Entre las críticas que hacía el año pasado a la ley Televisa, era que se privilegiaba la concentración de las concesiones en favor de las grandes empresas televisivas; se fijaban reglas para que discrecionalmente los actuales propietarios extendieran sus servicios a otras áreas de la comunicación; se hacían distinciones entre las normas aplicables a los actuales propietarios de medios y las concesiones futuras que se sujetarían a subastas al mejor postor; se otorgarían facilidades a los grupos televisivos que no gozarían otros sectores de la comunicación, particularmente el radiofónico para su modernización (digitalización) y se omitían criterios de pluralidad, fundamentales en este tipo de concesiones; el Estado renunciaba a beneficios de carácter económico en las concesiones y omitía la posibilidad de hacer crecer y mejorar la red pública existente que cubre una función social destacada con muy pocos recursos; se desplazaba a las radios comunitarias condenándolas, en los hechos, a su extinción al olvidar su regulación plena y su fomento; era nula la presencia ciudadana y de sectores populares en el acceso a medios comunitarios, pero también en la vigilancia del desempeño responsable de los medios de comunicación –garantizando siempre la libre expresión–; la Comisión de Telecomunicaciones se volvía, en su integración y en sus funciones, en un títere del Ejecutivo y de los dueños de las telecomunicaciones y, finalmente, que no se procuraban reglas especiales que debían regir para sectores de la población que no tienen capacidad económica para competir (y defenderse) de los grandes grupos económicos.
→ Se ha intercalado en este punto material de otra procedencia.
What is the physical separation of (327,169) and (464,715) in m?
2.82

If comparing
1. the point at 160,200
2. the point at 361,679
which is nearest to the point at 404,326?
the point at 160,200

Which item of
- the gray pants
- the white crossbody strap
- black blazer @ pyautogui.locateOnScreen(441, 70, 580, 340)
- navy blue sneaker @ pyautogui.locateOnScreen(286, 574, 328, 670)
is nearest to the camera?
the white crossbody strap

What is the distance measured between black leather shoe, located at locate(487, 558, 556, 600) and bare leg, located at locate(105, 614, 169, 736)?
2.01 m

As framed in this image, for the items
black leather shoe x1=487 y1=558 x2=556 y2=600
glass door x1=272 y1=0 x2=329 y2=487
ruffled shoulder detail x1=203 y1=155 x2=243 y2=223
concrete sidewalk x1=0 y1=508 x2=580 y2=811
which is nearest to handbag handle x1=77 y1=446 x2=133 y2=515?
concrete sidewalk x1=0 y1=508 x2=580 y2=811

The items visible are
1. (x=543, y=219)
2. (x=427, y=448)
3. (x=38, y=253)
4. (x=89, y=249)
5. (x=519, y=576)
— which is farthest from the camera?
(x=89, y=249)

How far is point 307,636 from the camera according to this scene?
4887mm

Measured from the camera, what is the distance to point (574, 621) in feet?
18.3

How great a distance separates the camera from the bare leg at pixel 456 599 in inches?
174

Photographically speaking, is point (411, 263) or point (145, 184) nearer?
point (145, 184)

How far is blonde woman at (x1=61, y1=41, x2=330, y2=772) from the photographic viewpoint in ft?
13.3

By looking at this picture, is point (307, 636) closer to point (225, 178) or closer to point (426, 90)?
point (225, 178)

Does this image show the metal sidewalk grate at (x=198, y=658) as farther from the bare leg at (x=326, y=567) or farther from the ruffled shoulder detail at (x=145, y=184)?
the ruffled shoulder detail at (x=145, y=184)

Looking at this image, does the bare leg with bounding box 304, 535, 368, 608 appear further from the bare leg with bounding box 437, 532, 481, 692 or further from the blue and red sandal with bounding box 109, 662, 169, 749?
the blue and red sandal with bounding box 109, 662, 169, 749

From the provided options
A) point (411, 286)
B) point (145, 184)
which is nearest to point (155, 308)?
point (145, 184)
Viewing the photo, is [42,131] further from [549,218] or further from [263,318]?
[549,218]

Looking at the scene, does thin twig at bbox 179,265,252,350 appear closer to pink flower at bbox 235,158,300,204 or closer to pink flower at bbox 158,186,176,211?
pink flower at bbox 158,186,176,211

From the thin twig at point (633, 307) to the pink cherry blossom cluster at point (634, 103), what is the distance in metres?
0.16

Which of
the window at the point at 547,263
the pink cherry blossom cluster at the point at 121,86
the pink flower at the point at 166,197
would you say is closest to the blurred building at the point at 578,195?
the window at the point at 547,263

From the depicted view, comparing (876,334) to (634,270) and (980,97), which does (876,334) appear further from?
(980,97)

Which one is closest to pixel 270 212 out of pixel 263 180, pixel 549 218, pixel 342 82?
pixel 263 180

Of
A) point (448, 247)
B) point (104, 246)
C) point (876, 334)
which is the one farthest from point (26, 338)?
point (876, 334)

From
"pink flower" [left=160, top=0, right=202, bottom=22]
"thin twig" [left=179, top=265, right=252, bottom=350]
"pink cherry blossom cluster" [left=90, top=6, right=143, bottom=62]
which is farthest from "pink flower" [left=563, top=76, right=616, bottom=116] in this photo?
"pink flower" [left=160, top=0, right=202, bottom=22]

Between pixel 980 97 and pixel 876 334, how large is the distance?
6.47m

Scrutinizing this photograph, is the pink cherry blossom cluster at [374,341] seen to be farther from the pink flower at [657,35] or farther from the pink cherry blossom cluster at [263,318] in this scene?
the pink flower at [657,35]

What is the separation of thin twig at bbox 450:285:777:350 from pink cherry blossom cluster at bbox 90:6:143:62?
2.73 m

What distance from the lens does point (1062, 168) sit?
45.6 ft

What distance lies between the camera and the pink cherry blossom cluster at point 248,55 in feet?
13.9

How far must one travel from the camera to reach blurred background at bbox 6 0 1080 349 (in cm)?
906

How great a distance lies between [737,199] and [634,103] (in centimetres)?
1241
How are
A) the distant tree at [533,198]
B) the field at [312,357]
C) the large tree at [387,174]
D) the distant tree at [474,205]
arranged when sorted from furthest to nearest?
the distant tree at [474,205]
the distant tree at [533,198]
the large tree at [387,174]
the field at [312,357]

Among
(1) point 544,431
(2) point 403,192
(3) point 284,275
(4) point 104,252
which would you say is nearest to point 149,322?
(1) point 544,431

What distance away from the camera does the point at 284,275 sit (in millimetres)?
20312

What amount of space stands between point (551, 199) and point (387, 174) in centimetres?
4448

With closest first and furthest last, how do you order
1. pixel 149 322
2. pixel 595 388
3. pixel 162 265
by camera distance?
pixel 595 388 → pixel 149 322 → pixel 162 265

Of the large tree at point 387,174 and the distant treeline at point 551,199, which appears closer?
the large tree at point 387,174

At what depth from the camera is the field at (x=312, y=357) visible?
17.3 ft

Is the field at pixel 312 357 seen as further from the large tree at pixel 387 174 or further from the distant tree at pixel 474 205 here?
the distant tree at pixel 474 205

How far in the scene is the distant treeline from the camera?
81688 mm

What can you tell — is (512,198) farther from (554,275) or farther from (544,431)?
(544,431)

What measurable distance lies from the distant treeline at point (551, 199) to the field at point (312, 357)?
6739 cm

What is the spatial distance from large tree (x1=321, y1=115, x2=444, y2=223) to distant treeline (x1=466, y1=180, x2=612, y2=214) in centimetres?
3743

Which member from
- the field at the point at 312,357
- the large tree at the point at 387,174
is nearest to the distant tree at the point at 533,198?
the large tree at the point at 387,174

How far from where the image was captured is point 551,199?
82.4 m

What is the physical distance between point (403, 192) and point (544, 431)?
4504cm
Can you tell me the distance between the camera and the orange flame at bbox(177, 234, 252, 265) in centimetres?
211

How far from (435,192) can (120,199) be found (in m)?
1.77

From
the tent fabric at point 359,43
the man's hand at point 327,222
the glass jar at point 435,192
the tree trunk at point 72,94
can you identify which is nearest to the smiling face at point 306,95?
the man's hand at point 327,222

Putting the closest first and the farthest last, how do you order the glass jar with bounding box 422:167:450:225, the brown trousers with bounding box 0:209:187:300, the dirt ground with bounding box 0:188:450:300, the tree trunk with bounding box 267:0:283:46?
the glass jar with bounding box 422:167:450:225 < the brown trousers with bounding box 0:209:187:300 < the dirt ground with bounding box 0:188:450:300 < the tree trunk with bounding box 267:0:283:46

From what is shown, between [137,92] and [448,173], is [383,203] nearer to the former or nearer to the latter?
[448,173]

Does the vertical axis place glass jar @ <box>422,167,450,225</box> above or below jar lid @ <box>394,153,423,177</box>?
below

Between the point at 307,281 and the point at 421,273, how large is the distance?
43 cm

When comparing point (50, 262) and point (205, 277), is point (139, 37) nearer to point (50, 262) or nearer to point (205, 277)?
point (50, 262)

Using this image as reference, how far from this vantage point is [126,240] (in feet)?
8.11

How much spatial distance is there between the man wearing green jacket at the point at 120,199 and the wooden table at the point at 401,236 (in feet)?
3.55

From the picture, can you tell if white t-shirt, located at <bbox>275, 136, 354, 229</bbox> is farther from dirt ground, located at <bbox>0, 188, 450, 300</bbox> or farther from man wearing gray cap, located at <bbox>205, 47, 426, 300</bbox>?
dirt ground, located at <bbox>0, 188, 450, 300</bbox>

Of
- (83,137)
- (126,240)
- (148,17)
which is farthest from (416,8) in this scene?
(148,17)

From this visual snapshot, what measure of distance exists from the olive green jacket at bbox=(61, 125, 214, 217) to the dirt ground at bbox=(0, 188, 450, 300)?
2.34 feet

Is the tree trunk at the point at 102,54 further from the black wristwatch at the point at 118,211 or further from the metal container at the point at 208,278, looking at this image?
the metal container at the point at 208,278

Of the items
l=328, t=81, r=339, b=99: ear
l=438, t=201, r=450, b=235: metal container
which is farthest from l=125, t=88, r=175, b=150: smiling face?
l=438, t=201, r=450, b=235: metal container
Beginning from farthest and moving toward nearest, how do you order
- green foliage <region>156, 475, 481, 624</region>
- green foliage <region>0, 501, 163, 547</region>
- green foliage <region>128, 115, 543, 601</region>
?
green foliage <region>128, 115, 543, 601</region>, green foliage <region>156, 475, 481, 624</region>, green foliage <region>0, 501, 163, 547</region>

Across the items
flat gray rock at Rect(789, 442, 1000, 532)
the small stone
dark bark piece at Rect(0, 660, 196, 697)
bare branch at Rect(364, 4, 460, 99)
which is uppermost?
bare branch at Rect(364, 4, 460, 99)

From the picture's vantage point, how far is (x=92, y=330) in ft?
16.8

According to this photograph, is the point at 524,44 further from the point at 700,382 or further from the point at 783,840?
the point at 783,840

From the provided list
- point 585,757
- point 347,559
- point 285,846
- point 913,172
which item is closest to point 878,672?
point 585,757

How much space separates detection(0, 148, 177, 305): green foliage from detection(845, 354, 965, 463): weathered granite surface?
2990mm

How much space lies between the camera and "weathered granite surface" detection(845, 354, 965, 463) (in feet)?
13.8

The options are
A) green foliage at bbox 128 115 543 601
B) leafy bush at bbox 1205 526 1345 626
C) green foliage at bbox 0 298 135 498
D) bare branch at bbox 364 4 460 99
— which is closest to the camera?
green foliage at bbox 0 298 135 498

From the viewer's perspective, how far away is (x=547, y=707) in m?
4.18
Cabe citar y recordar lo anterior porque en cada uno de esos puntos la SCJN hizo apuntes para resarcir la ilegalidad de las regulaciones aprobadas con total falta de responsabilidad por el Legislativo.

Santiago Creel, uno de los protagonistas desde el gobierno de la contrarreforma, ha aceptado que hubo presiones generadas por la coyuntura política para pasarla como se aprobó. Independientemente de que otros representantes populares, que danzan de un cargo a otro por la vía plurinominal –porque serían incapaces de ganar un elección–, lo desmientan sin ninguna calidad moral para hacerlo, como Emilio Gamboa o Héctor Larios, lo cierto es que el desaseo quedó al descubierto y la fragilidad de nuestra democracia en evidencia, a pesar de contar hoy con Congresos divididos.

No basta, por eso, reconocer la pluralidad si no se cambian las prácticas y formas viciadas de hacer política, que antes veíamos como mal de un solo partido pero que hoy permean en toda la clase política. La ética y la razón son parte de cambios culturales que la modernidad, representada por la democracia liberal, le debe a la sociedad mexicana y, siendo honestos, creo que pasará tiempo para que a nuestros gobernantes les caiga el veinte o se los recuerde la beligerancia social que muestra hastío frente a la hipocresía de nuestro marco jurídico –que no se diseña de manera transparente ni se aplica de manera justa y pareja–. Luego nos quejamos de que no se respeta el estado de derecho; ahí está la Ley del ISSSTE como otro ejemplo de prepotencia legislativa. Pero síganle haciendo leyes así.